Name:
Thanael Cunningham
- alias Bartholomäus Cohen
"Ich... wurde vor langer, langer Zeit auf den Namen Bartholomäus getauft. Bartholomäus ist ein alter Name, den bereits einer der Jünger Jesu trug. Er war einer der 12 Apostel und ein Märtyrer. Nach diesem ruhmreichen Mann wurde ich benannt. Meine Eltern waren sehr gläubig und Bartholomäus war zudem der Schutzpatron des Dorfs, in welches ich geboren wurde. Laut der Bibel nannte Jesus Christus Bartholomäus "Mann ohne Falschheit" und vielleicht ist dies tatsächlich das einzige, das ich mit meinem Namensvetter gemeinsam habe.

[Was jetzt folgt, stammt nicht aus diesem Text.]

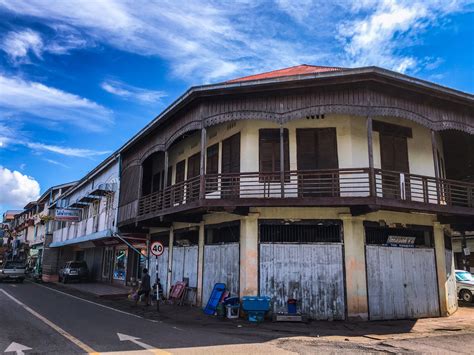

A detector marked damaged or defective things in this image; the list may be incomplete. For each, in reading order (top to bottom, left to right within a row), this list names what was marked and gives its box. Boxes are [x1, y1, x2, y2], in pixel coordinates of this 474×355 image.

rusty metal door [202, 245, 239, 306]
rusty metal door [260, 243, 344, 322]
rusty metal door [366, 246, 440, 322]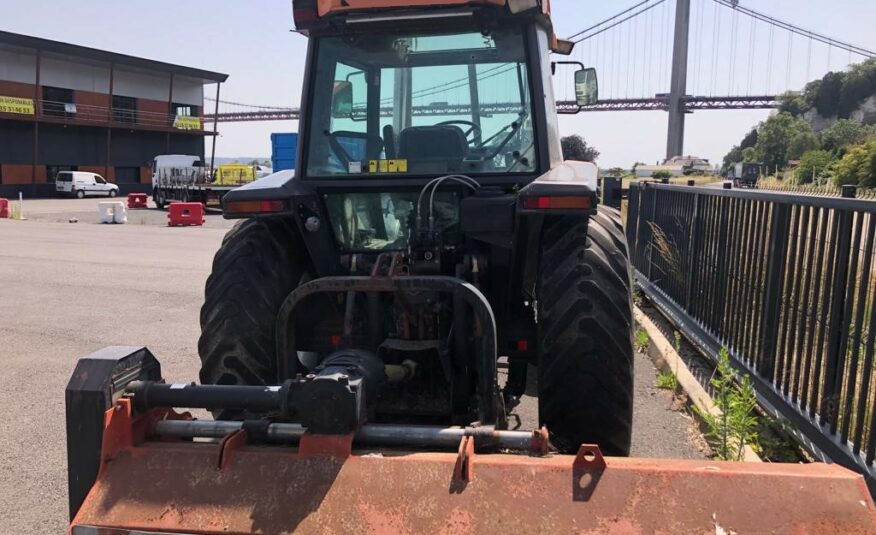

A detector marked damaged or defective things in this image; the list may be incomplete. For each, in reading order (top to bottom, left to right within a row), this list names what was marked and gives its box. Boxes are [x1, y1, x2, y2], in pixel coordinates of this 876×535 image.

rusty metal bracket [215, 430, 246, 472]
rusty metal bracket [456, 436, 476, 490]
rusty metal bracket [572, 444, 604, 502]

Der hebräische Nachname Cohen gehörte der Stammesfamilie meines Vaters an und ist eigentlich jüdischer Abstammung. Beide Namen habe ich abgelegt, weil sie nicht so Recht in die Gegenwart passen wollen. Bartholomäus wird im Johannesevangelium Nathanael genannt, zumindest kam die Bibelwissenschaft überein, dies als Fakt zu betrachten und nicht von zwei unterschiedlichen Persönlichkeiten auszugehen. Vor einer Weile ließ ich meinen Namen ändern, zum einen, um nicht mehr unter meinem alten Namen gefunden zu werden und zum Anderen, weil er der Moderne angepasst werden musste. Meinen Eltern war die biblische Figur des Bartholomäus so wichtig und sie waren stolz, mich so genannt zu haben, das ich mich nicht sonderlich weit von ihrem Wunschnamen entfernen wollte. Da Nathanael sich auch in der Moderne noch durchgesetzt hat, übernahm ich ihn als neuen Vornamen.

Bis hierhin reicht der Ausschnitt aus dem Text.